Irish Whiskey – I used Jameson.
Notes on Technique
- I made this recipe a few times without soaking the bread, and a few times soaking it between 2-6 hours. I liked the result best when I soaked it longer – some recipes even call for soaking it overnight. I don’t recommend making it without allowing the bread to soak, because it doesn’t have time to develop the spongy pudding texture that one expects of bread pudding. If you use bread that is somewhat stale, you will probably want to soak the bread for even longer.
Brown Sugar Whiskey Sauce
Bread pudding is often served with Creme Anglaise, or a whiskey sauce. I made this sauce a little thicker by adding two teaspoons of flour, and gave it a strong flavor with the one-fourth cup of whiskey.
Whiskey Sauce Ingredients
Whiskey – If you’d like it a little less strong, you can just omit the two tablespoons of whiskey added in at the end.
Flour – The flour is added here to thicken the sauce a little. You can omit it if you would like for it to be thinner. You could also substitue 1 tsp cornstarch.
Whiskey Sauce Technique
- You should always temper the eggs when making an egg-thickened sauce, pudding, or curd. With this technique, you heat the other ingredients in the sauce, then add the liquid to the egg yolks little by little to raise their temperature slowly before placing them directly on the heat.
- I heated the sauce to 170 F, then used a water bath to cool it immediately. The sauce may separate if kept at a high temperature for too long, so this technique helps prevent overcooking by lowering the temperature quickly.
Irish Coffee Bread Pudding with Brown Sugar Whiskey Sauce
For the Irish Coffee Bread Pudding:
- 2/3 lb good quality bread (300 g) cut into ~1 inch cubes
- 3 large eggs
- 1 1/2 cups brown sugar (300 g)
- 1/2 tsp salt
- 3 tbsp espresso powder or instant coffee
- 1/3 cup Irish whiskey (80 ml)
- 1 2/3 cup milk (390 ml)
- 1/3 cup cream (80 ml)
For the Brown Sugar Whiskey Sauce
- 1/2 cup milk (120 ml)
- 1/2 cup cream (120 ml)
- 2 tbsp Irish whiskey
- 1/8 tsp salt
- 2 tsp all-purpose flour
- 1/4 cup brown sugar (50 g)
- 2 egg yolks
- 2 tbsp Irish whiskey
Irish Coffee Bread Pudding
- First, prepare the bread by cutting it into cubes about 3/4 – 1 inch in size.
- In a large bowl, whisk together the eggs, sugar, salt, and espresso powder. Once these are mixed well, add the whiskey, milk, and cream, and whisk again.

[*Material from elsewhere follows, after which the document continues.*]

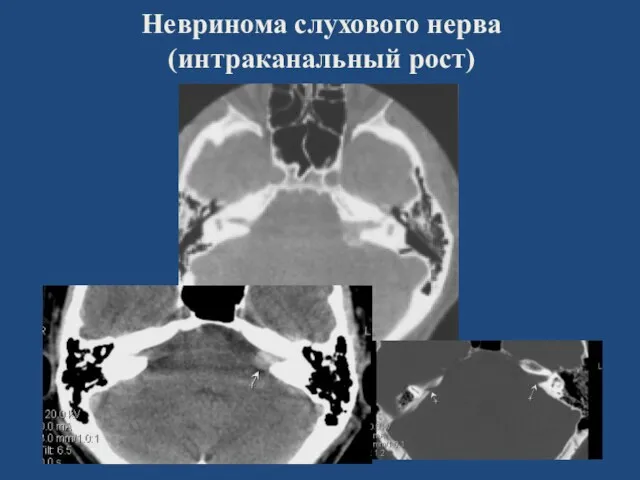 Невринома слухового нерва (интраканальный рост)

- Stir in the bread cubes until each cube is fully covered, then place in the refrigerator to soak for at least 2 hours.
- Preheat the oven to 350° F (180° C). Spray an 8×8 inch (20 cm) baking pan with nonstick spray. Pour the bread pudding into the pan and bake for about 35-40 minutes, until the top looks a little crispy.
Brown Sugar Whiskey Sauce
- To prepare a water bath, fill a large bowl about halfway with ice water, then place a large, empty bowl inside of it. Make sure the top bowl is tall enough that it won't sink down beneath the water. Place a sieve nearby.
- In a medium bowl, whisk the egg yolks with a fork, then place near your stove. Have a kitchen themometer nearby as well.
- Add the milk, cream, and whiskey to a 2 quart saucepan. Whisk in the salt, brown sugar, and flour. Cook on low to medium heat, whisking often, until the liquid simmers. The flour will start to thicken around 150° F (65° C).
- When the sauce has thickened a little, turn the heat to low and begin tempering the egg yolks. Pour a serving spoon or medium ladle full of the hot liquid into the egg yolks, whisking constantly until it is completely combined. Add the rest of the liquid one spoon at a time, whisking between each addition.
- Pour the sauce back into the pan and return it to the heat. Cook on low, whisking constantly. The sauce should begin to thicken further after reaching about 150° F (65° C.) Cook until the themometer reads 170° F (~80° C).
- After the sauce reaches 170° F, remove it from the heat and stir in the remaining 2 tbsp whiskey. Then immediately strain it through the sieve into the bowl above the water bath. Stir occasionally, until it has cooled to about 100° F. You can serve it with the bread pudding immediately, or store it in the refrigerator for about 3 days.